Luego supimos de su demolición, imaginé el pequeño camión de trasteo, las jaulas de los pájaros, un hombre viejo en piyama siendo conducido otra vez a los extramuros de la ciudad. La siguiente vez que pasé por allí imaginé previamente el nuevo edificio que habría reemplazado al nuestro, su puerta roja, su escalera habrían dado lugar a una edificación nueva. Pero mis ojos se estrellaron contra la nada, tanta vida arruinada, tantos recuerdos, la suma de tantos sacrificios, había sido allanada. En el lugar del edificio no había nada. Era un hueco inminente de gris por donde se podía ver hacia atrás, la perspectiva de edificaciones que daban nacimiento a un auditorio y a la cafetería.

Ese vacío había sido necesario para mostrarlos.
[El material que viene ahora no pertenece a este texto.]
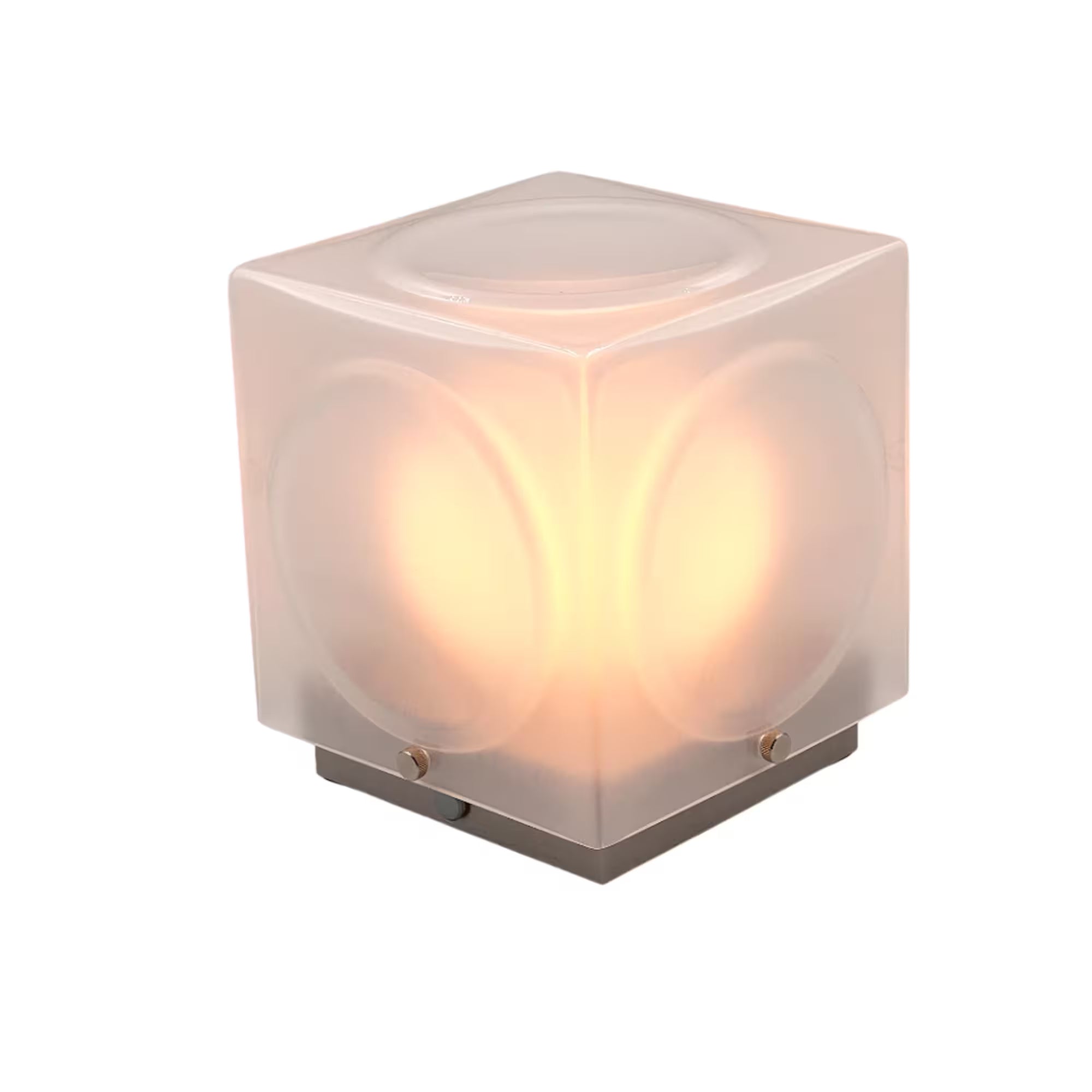Přenosná lampa CHANT s matným stínidlem a stříbrným podstavcem.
Las negociaciones inmobiliarias se habían adelantado por una necesidad de espaciamiento urbano, los edificios debían brillar, ocupar un lugar en nuestra “memoria”. La puerta roja y la escalera eran cosa del pasado, ni siquiera lo nuevo o el progreso venían a sustituirlas. Desaparecerían impunemente, ningún recuerdo visible, ninguna piedra restante, nada que diera cuenta de su paso por la ciudad, simplemente se evaporaba y con el vacío de ahora, la constancia de todos nosotros recorriendo a diario sus pasillos, detenidos con Rosita a comentar el nuevo día, observando con curiosidad su entrega a esas escaleras.

Me senté en la cafetería para tener un mejor ángulo, apenas una sombra se proyectaba en la pared y un recorte de azul en lo que debieron ser las escaleras. Apuré mi café imaginándome todavía asomada a la ventana de las telas, me vi mirando hacia afuera el pasar de los carros, los estudiantes que cruzaban la acera por alguna cerveza, el hombre de bluejean y pelo blanco que diariamente se paraba en la esquina fumando y con el que de vez en cuando me cruzaba con unas palabras de saludo. Todo iba desapareciendo sin ninguna constancia. Nadie podría entender la mirada abismal de ese día tomando mi café. Me veía desaparecer.
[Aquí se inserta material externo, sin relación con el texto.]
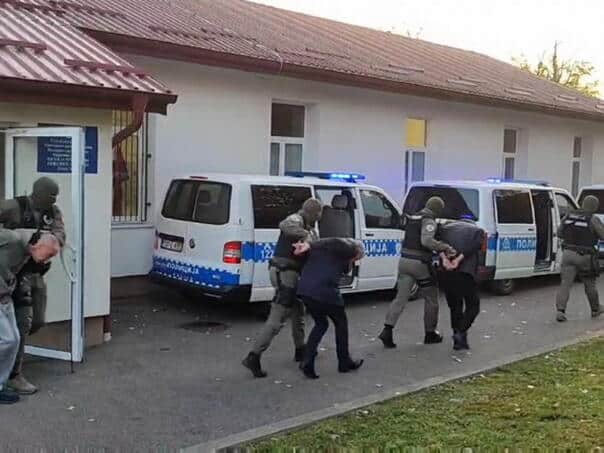 Detention requested for seven arrested in the action "A loop"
La muerte se hacía evidente. Se transformaba en esta indolencia.

Imaginariamente prosigo en silencio en esta procesión silenciosa, en pocos minutos una mujer entrará a este edificio y nos hablará de las víctimas, nos hablará del duelo de la muerte, su poética. En pocos  instantes una multitud enardecida por las candilejas de este espectáculo silencioso, se emborrachara con su discurso. La memoria de los cientos que han muerto en Colombia debiera regresar en este silencio fabricado, el llanto de las madres que sin ninguna explicación vieron desaparecer a sus hijos, la sangre que cubre nuestros campos generación tras generación.

Todos queremos exorcizar tanta ruindad. Todos buscamos un testigo, un héroe que traiga de regreso a los que ya no están. Algo, una palabra o una imagen que de sensibilidad a tanta piel anestesiada. La charla evoluciona como en una iglesia, el dolor se hace comunión pública, pero yo sé que es secreto, yo sé que es  irrepresentable como la antigua escalera que nadie ve. Ninguna placa rememorando su existencia.

Ver se retira de los hombres.

Sus palabras aluden a artefactos fabricados para conmemorar esas ausencias. Los Imagino dispuestos impecablemente en salas mortuorias. Imagino que tienen algo semejante a ese espacio vacío en  que una franja de tiempo de mi historia quedó sepultada para siempre.

La puesta en escena de esta mañana gris de lunes me evoca ese silencio, el de los pájaros en sus jaulas irremediablemente perdidos en un lugar sin remisión, así estarán los cuerpos insepultos, desperdigados por los campos y ríos de Colombia.